The Magic of Compounding
Of course, to beat inflation, it is necessary to invest in higher-risk investment vehicles, such as individual equities, index funds, or mutual funds. IRAs can invest in a range of securities offered by various entities: public corporations, general partnerships (GPs), limited partnerships (LPs), limited liability partnerships (LLPs), and limited liability companies (LLCs).
Investments held in IRAs that are related to these entities include stocks, corporate bonds, private equity, and a limited number of derivative products. Not every investment is eligible for an IRA (e.g., antiques or collectibles, life insurance, and personal-use real estate).

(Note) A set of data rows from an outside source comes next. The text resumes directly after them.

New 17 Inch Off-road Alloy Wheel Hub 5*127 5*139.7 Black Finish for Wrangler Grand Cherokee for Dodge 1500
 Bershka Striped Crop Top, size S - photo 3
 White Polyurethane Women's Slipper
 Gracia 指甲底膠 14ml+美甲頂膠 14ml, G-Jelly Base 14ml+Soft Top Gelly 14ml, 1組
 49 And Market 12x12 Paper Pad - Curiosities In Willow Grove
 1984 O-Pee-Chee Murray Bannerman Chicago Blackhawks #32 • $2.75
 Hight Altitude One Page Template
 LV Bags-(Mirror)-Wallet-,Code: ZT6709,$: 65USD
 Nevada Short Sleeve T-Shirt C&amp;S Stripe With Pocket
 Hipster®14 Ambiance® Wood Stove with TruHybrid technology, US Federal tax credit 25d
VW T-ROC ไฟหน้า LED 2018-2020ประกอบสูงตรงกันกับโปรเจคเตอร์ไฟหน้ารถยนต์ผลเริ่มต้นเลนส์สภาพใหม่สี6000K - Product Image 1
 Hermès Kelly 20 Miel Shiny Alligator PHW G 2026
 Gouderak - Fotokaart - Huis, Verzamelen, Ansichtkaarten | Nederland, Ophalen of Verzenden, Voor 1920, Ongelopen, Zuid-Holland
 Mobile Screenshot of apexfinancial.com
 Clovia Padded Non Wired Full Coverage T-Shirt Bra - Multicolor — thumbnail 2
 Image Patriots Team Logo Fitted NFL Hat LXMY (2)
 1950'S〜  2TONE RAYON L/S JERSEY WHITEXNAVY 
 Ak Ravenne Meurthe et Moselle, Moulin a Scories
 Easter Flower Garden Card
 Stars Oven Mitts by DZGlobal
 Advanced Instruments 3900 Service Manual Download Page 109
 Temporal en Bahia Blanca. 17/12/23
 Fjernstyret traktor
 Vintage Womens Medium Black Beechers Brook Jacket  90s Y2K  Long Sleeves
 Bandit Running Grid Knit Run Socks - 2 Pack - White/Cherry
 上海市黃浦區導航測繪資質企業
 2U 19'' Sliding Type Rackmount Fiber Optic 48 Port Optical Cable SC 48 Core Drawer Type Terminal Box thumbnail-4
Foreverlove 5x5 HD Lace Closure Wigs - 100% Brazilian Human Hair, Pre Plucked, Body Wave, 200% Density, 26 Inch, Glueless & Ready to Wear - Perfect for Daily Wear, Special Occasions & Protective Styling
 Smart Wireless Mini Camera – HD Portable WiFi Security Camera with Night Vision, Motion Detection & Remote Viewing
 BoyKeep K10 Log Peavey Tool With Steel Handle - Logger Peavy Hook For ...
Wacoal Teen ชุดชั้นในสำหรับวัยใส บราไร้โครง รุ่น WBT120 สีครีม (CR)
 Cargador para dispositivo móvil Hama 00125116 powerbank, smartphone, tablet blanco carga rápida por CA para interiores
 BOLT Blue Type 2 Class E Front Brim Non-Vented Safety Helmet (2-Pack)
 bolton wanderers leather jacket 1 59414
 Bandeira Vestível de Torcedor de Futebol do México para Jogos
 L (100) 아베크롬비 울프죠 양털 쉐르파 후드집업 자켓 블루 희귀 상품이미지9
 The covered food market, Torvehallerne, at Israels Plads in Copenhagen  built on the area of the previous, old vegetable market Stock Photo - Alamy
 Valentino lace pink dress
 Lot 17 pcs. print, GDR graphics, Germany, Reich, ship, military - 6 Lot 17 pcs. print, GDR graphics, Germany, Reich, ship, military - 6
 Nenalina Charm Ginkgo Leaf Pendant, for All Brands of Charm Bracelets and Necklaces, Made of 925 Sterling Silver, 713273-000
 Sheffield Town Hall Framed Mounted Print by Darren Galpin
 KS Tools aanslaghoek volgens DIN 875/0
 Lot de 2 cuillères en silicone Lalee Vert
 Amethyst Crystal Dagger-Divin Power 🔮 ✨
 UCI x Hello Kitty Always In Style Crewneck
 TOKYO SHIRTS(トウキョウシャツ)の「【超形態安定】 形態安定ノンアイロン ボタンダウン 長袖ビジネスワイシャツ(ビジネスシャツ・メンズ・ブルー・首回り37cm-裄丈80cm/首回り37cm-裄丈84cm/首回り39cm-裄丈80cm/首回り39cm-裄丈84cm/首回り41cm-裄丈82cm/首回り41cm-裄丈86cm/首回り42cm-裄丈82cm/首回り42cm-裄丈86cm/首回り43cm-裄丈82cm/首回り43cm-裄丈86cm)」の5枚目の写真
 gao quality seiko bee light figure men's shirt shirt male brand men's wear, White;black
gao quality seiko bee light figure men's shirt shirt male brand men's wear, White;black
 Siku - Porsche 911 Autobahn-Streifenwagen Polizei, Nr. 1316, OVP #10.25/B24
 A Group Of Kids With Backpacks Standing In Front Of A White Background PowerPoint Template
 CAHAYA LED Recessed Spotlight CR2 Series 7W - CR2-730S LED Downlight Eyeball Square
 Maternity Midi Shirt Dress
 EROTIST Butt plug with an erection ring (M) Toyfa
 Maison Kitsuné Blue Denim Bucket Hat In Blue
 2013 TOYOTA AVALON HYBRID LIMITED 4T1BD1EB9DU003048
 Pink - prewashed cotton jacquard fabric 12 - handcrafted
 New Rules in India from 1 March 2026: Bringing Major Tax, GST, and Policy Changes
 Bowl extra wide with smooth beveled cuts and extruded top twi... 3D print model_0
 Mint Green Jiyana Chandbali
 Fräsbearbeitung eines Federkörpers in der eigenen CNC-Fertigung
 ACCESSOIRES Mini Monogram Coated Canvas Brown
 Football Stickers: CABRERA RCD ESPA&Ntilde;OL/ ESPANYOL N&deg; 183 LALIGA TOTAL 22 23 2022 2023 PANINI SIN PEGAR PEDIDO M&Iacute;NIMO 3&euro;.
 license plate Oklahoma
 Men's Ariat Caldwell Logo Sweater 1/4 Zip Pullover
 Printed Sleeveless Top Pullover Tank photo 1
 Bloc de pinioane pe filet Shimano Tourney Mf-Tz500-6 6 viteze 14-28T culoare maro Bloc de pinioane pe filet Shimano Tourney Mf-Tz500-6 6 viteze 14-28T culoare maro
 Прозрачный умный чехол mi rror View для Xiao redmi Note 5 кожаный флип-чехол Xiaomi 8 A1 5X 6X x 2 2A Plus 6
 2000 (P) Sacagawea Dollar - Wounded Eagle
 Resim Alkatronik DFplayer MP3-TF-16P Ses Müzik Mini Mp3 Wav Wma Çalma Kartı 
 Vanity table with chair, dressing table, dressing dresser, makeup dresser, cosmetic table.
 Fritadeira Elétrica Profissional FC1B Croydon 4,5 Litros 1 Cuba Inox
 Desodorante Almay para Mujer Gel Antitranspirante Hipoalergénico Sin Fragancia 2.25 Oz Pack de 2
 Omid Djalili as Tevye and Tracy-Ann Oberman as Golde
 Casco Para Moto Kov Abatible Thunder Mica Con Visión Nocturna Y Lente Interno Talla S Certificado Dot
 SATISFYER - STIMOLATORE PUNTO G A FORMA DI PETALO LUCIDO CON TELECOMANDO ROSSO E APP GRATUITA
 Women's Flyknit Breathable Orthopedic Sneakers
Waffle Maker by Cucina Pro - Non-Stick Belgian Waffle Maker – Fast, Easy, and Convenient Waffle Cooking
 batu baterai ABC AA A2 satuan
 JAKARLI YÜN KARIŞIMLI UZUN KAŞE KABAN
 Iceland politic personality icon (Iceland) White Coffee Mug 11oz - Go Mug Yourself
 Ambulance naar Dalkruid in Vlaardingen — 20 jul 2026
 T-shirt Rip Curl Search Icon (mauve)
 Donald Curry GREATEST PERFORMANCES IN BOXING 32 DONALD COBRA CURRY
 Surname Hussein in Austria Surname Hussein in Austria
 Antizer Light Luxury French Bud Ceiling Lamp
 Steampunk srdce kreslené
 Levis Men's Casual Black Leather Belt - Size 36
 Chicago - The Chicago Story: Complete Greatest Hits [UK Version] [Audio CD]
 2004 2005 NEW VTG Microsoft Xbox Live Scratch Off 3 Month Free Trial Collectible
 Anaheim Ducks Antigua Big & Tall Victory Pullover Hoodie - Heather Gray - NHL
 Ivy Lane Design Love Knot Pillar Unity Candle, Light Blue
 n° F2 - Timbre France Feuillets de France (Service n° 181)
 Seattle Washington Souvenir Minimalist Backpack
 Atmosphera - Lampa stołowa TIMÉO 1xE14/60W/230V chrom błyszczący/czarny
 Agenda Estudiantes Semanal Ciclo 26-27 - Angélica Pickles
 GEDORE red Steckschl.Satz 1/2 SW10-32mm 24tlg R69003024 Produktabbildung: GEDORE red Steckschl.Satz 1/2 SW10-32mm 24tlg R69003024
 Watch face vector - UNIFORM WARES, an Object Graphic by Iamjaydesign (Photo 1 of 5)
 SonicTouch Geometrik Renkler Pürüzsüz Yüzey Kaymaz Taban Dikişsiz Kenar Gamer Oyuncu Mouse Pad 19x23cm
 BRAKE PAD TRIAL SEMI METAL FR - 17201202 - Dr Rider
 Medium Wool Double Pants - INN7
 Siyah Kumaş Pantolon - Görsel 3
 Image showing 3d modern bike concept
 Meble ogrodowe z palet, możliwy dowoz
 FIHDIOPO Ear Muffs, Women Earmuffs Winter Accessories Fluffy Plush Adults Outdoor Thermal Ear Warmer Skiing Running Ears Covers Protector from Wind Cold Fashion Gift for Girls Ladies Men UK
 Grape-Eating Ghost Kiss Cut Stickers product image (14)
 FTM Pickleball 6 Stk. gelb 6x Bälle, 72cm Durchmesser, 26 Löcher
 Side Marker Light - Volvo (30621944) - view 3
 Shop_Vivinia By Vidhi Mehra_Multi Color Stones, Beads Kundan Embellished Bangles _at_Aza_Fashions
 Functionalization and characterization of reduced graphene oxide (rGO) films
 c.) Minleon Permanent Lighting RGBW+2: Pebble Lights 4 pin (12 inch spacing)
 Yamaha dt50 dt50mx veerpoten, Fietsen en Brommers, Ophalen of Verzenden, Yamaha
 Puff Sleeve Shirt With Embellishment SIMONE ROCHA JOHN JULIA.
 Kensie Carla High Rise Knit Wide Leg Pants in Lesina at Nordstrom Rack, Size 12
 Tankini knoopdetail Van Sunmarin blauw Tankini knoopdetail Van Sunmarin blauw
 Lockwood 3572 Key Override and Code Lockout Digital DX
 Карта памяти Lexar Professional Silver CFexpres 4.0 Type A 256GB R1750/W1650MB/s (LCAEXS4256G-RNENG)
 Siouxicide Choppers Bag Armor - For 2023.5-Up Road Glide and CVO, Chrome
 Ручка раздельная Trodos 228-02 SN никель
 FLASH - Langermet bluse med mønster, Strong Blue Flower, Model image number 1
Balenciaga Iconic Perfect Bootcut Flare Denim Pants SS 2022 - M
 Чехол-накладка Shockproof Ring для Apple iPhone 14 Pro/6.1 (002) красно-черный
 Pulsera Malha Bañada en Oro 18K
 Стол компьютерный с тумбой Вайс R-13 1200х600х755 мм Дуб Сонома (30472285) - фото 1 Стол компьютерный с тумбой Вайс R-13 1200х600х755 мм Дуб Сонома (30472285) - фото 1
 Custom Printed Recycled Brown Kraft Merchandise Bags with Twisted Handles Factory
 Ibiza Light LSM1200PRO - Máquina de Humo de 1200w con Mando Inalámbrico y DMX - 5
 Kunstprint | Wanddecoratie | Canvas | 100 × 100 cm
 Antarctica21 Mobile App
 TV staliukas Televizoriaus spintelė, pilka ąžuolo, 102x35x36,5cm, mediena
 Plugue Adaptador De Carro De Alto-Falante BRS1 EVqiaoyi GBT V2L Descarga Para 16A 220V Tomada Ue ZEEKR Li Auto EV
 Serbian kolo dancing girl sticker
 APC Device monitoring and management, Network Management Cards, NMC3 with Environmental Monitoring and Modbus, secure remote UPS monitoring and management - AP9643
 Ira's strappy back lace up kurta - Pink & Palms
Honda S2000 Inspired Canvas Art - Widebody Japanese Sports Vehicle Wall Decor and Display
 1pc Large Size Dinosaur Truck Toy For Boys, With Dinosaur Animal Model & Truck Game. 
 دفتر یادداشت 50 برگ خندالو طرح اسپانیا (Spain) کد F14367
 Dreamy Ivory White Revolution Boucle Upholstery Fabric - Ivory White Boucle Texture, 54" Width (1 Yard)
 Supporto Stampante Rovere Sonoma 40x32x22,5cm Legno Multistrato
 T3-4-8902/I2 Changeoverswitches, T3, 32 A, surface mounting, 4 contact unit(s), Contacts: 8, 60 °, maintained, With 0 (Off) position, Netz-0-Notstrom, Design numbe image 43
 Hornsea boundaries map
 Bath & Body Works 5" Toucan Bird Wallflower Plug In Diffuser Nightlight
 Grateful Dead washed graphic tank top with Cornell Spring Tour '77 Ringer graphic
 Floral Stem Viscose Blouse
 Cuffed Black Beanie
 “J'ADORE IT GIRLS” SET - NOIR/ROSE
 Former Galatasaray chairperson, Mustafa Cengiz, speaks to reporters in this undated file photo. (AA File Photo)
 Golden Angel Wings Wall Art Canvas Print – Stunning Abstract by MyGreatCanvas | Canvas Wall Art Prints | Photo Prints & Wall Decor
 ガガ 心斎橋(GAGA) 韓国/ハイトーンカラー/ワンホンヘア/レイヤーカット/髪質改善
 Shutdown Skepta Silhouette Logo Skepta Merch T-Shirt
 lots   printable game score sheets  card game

Stocks are a popular choice for IRAs because the earnings gained are basically extra contributions to the IRA. Stocks also grow IRAs through dividends and increases in the share price. While no one can predict the future, the annual range of return for stock investments has historically been between 8% and 12%.
For example, by investing $6,000 a year in a stock index fund for 30 years with an average 10% return, you could see your account grow to over $1 million (though be aware of the impact of investment fees). With such great potential to grow funds consistently over time with the magic of compounding, it is clear why stocks are almost always featured in IRA accounts.
Higher-risk investments, such as stocks, help grow IRAs most dramatically. More stable investments, such as bonds, are often included in IRAs for diversification and to balance out the equities' volatility with a stable income.
Roth vs. Traditional IRA
The main difference between the two kinds of IRAs is whether you want to fund your IRA with pre- or post-tax dollars. A traditional IRA is funded with pre-tax dollars. When you retire and access funds in a traditional IRA, you are responsible for paying income tax on the funds. A Roth IRA is funded with after-tax dollars, and any contributions made are not subject to taxes when withdrawn. Contribution limits for Roth and traditional IRAs are the same, and both can be funded up until any age.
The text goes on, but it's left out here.